Todos los animales, humanos y no humanos, compartimos los mismos placeres: la comida, el agua y el sexo;  necesitamos descansar cuando estamos agotados y el afecto nos calma. Además, estos placeres básicos resultan ser también necesidades fundamentales para la supervivencia y la propagación de las especies. Todos estos placeres provienen de la selección natural y de otros procesos biológicos de evolución, necesarios para que los seres prosperen. A todos los animales nos gusta lo que la biología nos dice que debería gustarnos por nuestro bien.

En cuanto al resto de los placeres, compartimos pocos unas especies y otras. Por ejemplo, cuando nuestro perro obedece nuestras órdenes no le leemos un cuento a la hora de dormir o lo llevamos a la ópera;  en su lugar, le damos premios darwinianos: galletas de perros o un paseo extra y muchas palmaditas en el lomo.

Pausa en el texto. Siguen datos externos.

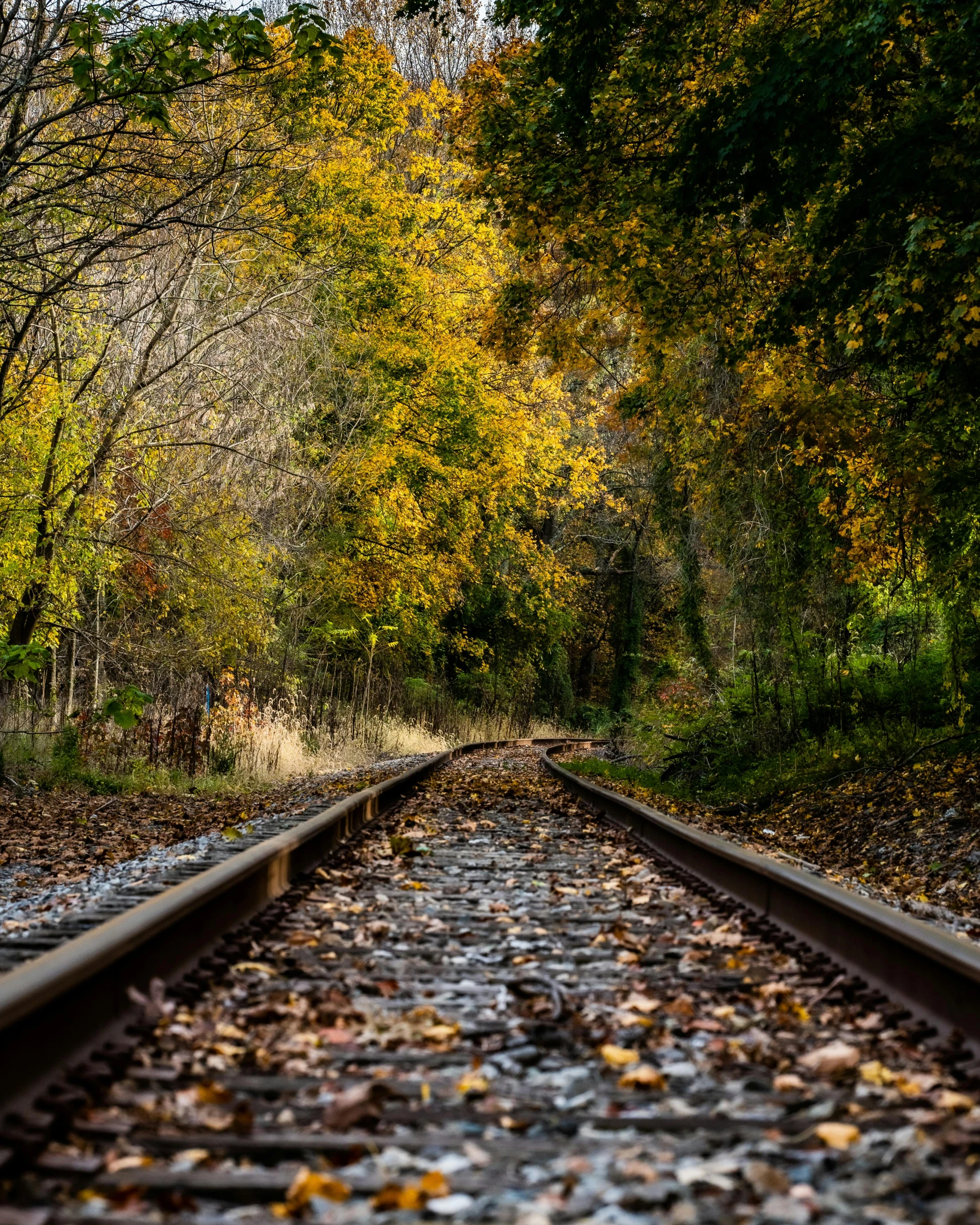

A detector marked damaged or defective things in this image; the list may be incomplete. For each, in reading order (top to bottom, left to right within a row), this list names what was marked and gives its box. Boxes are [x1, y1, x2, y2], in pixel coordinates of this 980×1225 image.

Pero los humanos —y dicen que alguna otra especie— amamos también el placer de la lectura, la música, la pintura, los recuerdos sentimentales y la religión o espiritualidad. Al parecer, en el caso de los humanos los placeres no solo provienen de las necesidades biológicas sino que son producto de nuestra cultura. Estos placeres son solo humanos porque solo los humanos tienen culturas y éstas, sin duda, pueden formar nuestros placeres (cocinas típicas regionales, formas folklóricas de expresión propias, rituales sexuales concretos, etc.) nos diferencian a unos de otros aun siendo genéticamente iguales. (Tengo que hablar de esto con Encarna Nouvilas.)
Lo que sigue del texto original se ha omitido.